AI Index puts out major insights into the world of Artificial Intelligence and the report has four sections:
- Data: Volume of Activity and Technical Performance
- Other measures: Recent Government Initiatives, Derivative measures, and Human-Level Performance
- Discussion: What’s Missing?
- Appendix
Here are the key takeaways of the report:
1.AI Research Papers Publishing Increased
The report says that Europe has consistently been the largest publisher of AI papers. The share of Europe’s research paper is 28% of all AI papers on Scopus in 2017. The report says that the number of papers published in China increased 150% between 2007 and 2017. The number of Chinese papers increased despite the spike and drop in Chinese papers around 2008.
There is also a suggestion, that AI publishing is growing because of heightened interest in computer science. More findings in the report suggest that 56 percent of papers came from the the Machine Learning and Probabilistic Reasoning category. The same number was only 28% in 2010. The most remarkable observation was that Neural Networks research paper had a compound annual growth rate of 3% from 2010—2014, followed by a CAGR of 37% from 2014—2017.

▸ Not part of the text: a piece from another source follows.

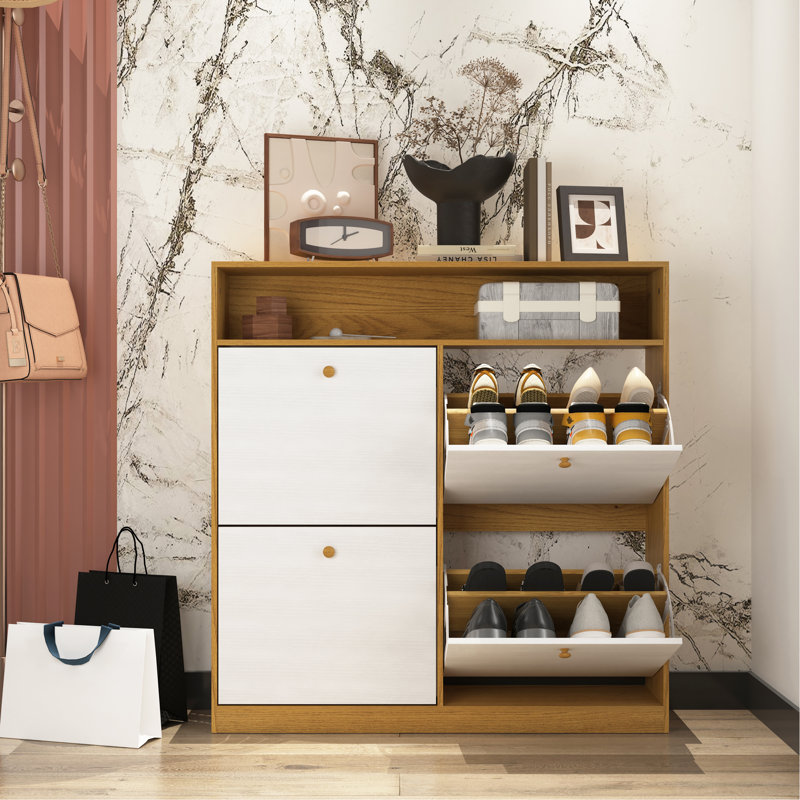 Armoire de rangement pour chaussures avec 4 tiroirs rabattables, armoire de rangement pour chaussures avec poignées en bois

2. Investments And Gender In AI
The report says that from January 2015 to January 2018, the amount of AI startups increased 2.1x and the number of AI startups has seen exponential growth. Interestingly, from 2013 to 2017, the report also observed that VC funding in AI increased 4.5x, which is huge. Naturally, ML is the largest skill cited as a requirement in job openings. Lately, deep learning (DL) is growing at the fastest rate which increased 35x.
The report also shed light on the gender disparity in artificial intelligence. The report observed men make up 71% of the applicant pool in the U.S. In 2014 30% of all AI patents came out of the U.S followed by South Korea.
3. Open Source And Public Perception Of AI
The popularity of various AI-programming frameworks can be measured by the stars on its Github repo. The recent trend observed is that frameworks backed by major companies are really popular. Some examples are Tensorflow (Google), Pytorch (Facebook), mxnet (Amazon).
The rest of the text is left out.